In present-day Russia the second policy is obligatory. Without ever forgetting their socialist agitation and propaganda, and the organisation of the proletarians into a class, Social-Democrats must, jointly with the democratic petty bourgeoisie, crush both the Black Hundreds and the liberals, as the situation may demand.

That is because the liberals (Cadets, Polish Narodowci (?), the Party of Democratic Reform, etc., etc.) have already turned emphatically away from the revolution and have entered into a deal with the autocracy against the people’s freedom they talk so falsely about. It has now even transpired that last year the Cadets helped the government obtain 2,000 million from France to spend on summary military courts and shootings; Clemenceau said out right to the Cadets that there would be no loan if the Cadet Party came out officially against it. The Cadets refused to oppose the loan for fear of losing their position as the government party of the morrow! Russia was shot down, not only by Trepov’s machine-guns, but by the Franco-Cadet millions.

It is impermissible for revolutionary Social-Democrats to support the hegemony of the Cadets. It is, however, not enough for them to have spoken against going to the Cadet meeting on February 19. They must demand, categorically and unconditionally, that the group break with the Cadet-like policy and come out forthrightly and openly in the Duma with an independent policy of the proletariat.

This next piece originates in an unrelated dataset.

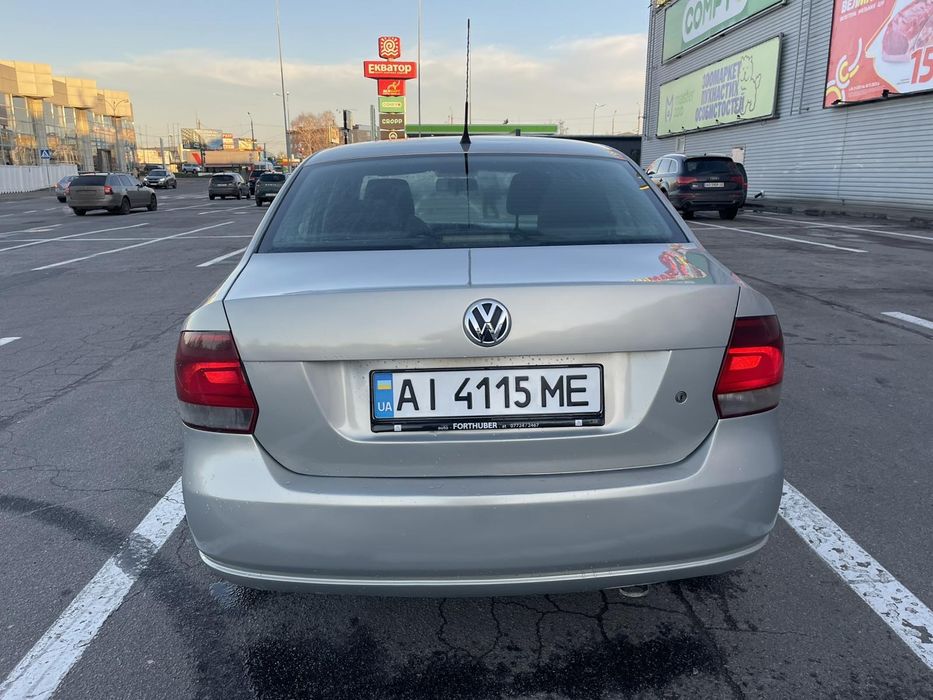 Volkswagen Polo 2011 1.6 газ кондиціонер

On the question of the presidium, the Social-Democrats should have said: we do not want our own presidium. We support the whole list of Lefts or Trudoviks against the Cadets, that is, we support all three candidates for the presidium, against the Cadet candidates, and will abstain if the Trudoviks follow in the wake of the Cadets, despite our warnings. In any case it would be essential to put up a candidate from the Lefts even though there would be no chance of his being elected; at the first voting, the number of votes given for him would show what forces the Social-Democrats could rely on in the event of a struggle against the Cadets. And if it should turn out that he obtained more votes than the Cadet, even if it were less than the absolute majority required for election, the voting would show   the people clearly that this is not a Cadet Duma, and that the Cadet is not everything in the Duma.

The election of the presidium is not a mere bagatelle. It is the first step, after which others will follow. The die is cast.

There must be either a Cadet-like policy which would mean turning the Social-Democrats into an appendage to the liberals;

or there must be the policy of revolutionary Social-Democracy, in which case we should not begin by kowtowing to the Cadets, but by openly unfurling our own banner. Then we would not go to the Cadets. Then we would call on the petty bourgeoisie, and especially on the peasant democracy, to do battle against both the Black Hundreds and the liberals.


[1] Russkaya Zhizn (Russian Life) — a Left-Cadet legal daily, published in St. Petersburg from January 1 (14), 1907. On February 14 (27), from its thirty-eighth issue, the newspaper was taken over by the Mensheviks; its contributors included P. B. Axelrod, F. I. Dan, V. I. Zasulich, L. Martov, G. V. Plekhanov. The newspaper was banned on March 2 (15).